Although the listing contains pictures, reproduce only its text, exactly as written.

▶ Material provided
○ ○ ○ ○

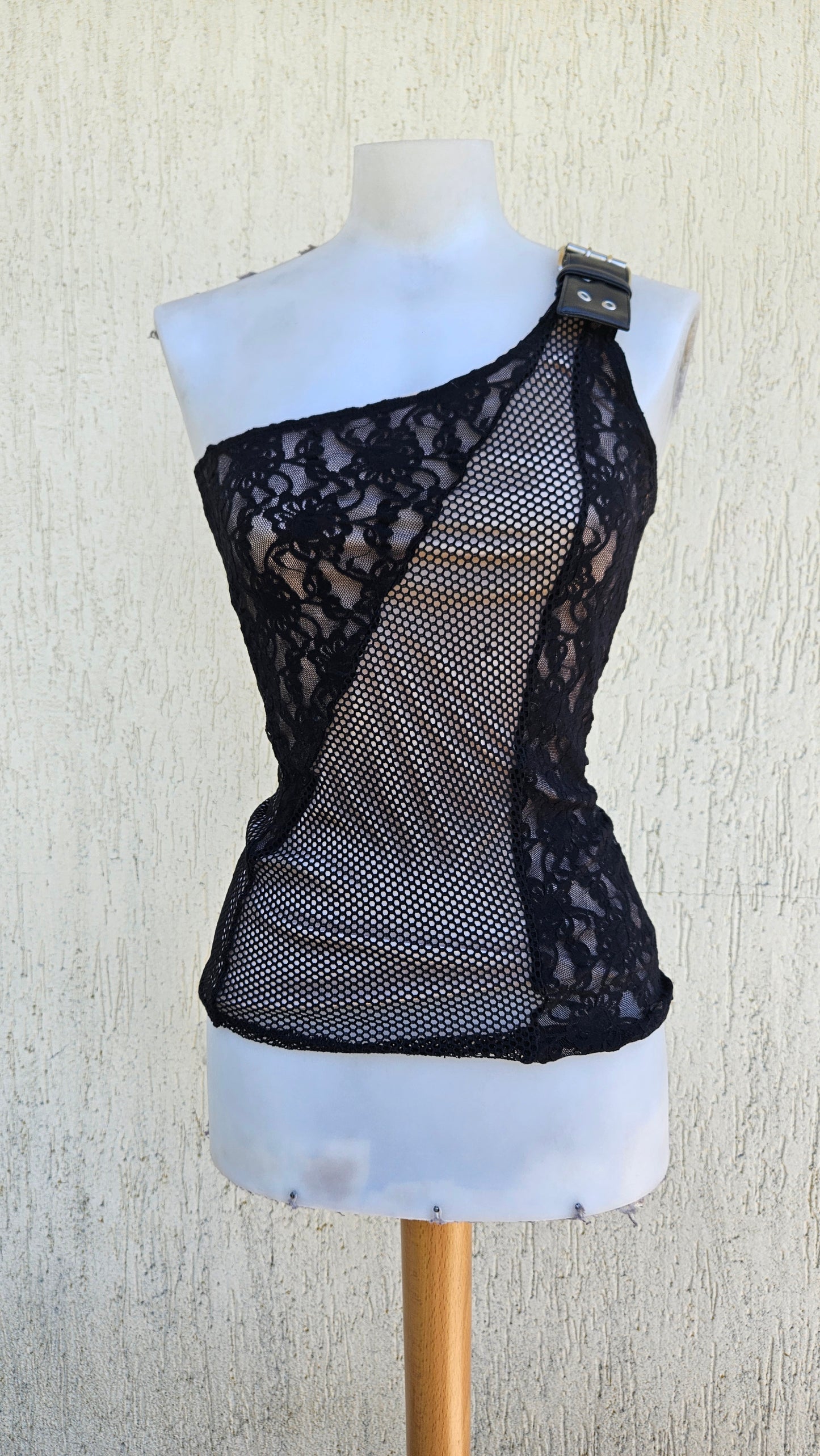 Haut asymétrique motif résille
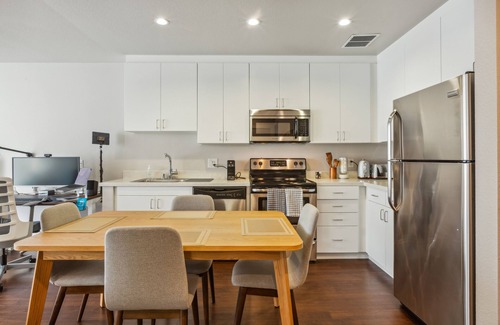 Mission District Apartamento | Mission 1 BR w/ Office by Anyplace - 11453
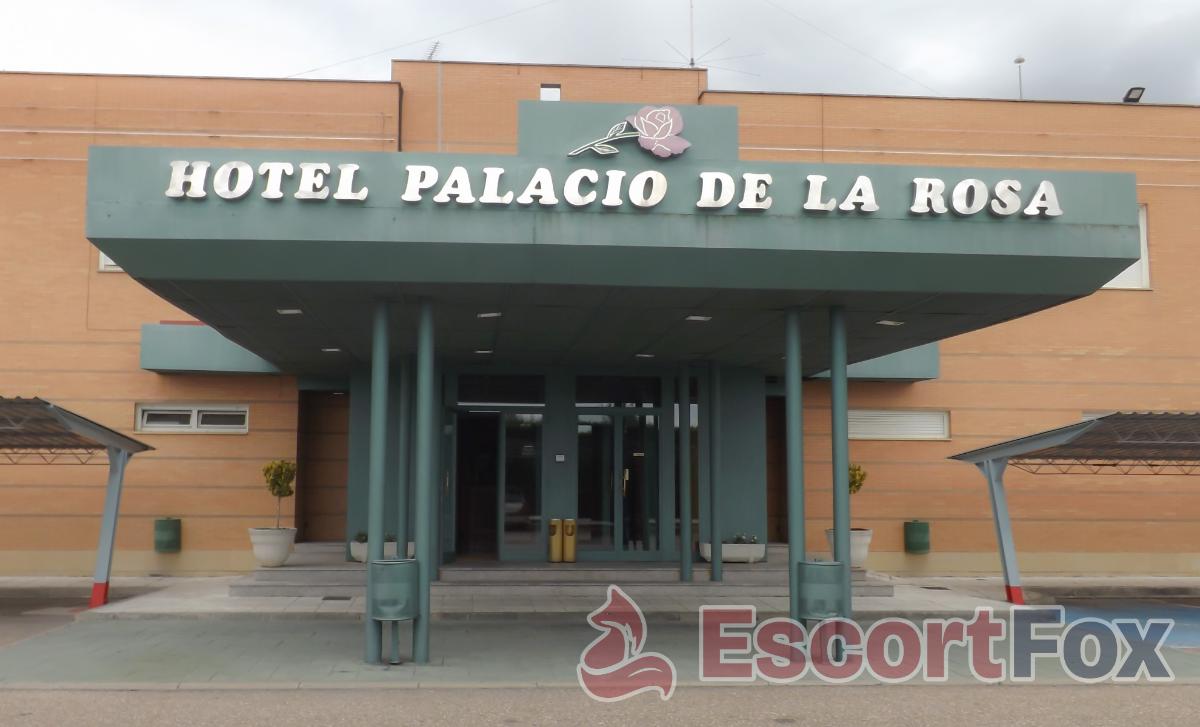 Palacio De La Rosa — erotický podnik v San Vicente del Palacio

○ ○ ○ ○

▶ Solution to this task
 Haut asymétrique motif résille
 Mission District Apartamento | Mission 1 BR w/ Office by Anyplace - 11453
 Palacio De La Rosa — erotický podnik v San Vicente del Palacio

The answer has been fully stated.